In: Statistics and Probability
The upcoming championship high school football game is a big deal in your little town. The problem is, it is being played in the next biggest town, which is two hours away! To get as many people as you can to attend the game, you decide to come up with a ride-sharing app, but you want to be sure it will be used before you put all the time in to creating it. You determine that if more than three students share a ride, on average, you will create the app.
You conduct simple random sampling of 20 students in a school with a population of 300 students to determine how many students are in each ride-share (carpool) on the way to school every day to get a good idea of who would use the app. The following data are collected:
6 5 5 5 3 2 3 6 2 2
5 4 3 3 4 2 5 3 4 5
Construct a 95% confidence interval for the mean number of students who share a ride to school, and interpret the results.
Part A: State the parameter and check the conditions.
Part B: Construct the confidence interval. Be sure to show all your work, including the degrees of freedom, critical value, sample statistics, and an explanation of your process.
Part C: Interpret the meaning of the confidence interval.
Part D: Use your findings to explain whether you should develop the ride-share app for the football game.
Solution:
Part A
The population parameter for this confidence interval is given as the population mean number of students who share a ride to school. For this research study, population size is adequate, and we assume that the population follows an approximately normal distribution.
Part B
Confidence interval for Population mean is given as below:
Confidence interval = Xbar ± t*S/sqrt(n)
From given data, we have
Xbar = 3.85
S = 1.348488433
n = 20
df = n – 1 = 20 – 1 = 19
Confidence level = 95%
Critical t value = 2.0930
(by using t-table)
Confidence interval = Xbar ± t*S/sqrt(n)
Confidence interval = 3.85 ± 2.0930*1.348488433/sqrt(20)

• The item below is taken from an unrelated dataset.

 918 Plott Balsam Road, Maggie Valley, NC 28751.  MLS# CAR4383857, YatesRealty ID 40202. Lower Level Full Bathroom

Confidence interval = 3.85 ± 2.0930*0.30153118
Confidence interval = 3.85 ± 0.6311
Lower limit = 3.85 - 0.6311 = 3.2189
Upper limit = 3.85 + 0.6311 = 4.4811
Confidence interval = (3.2189, 4.4811)
Part C
We are 95% confident that the population mean number of students who share a ride to school will lies between two values 3.2189 and 4.4811.
Part D
We should develop the ride share app for the football game because the lower limit of the above interval is greater than 3. There is sufficient evidence to conclude that the average mean number of students who share a ride to school is greater than 3.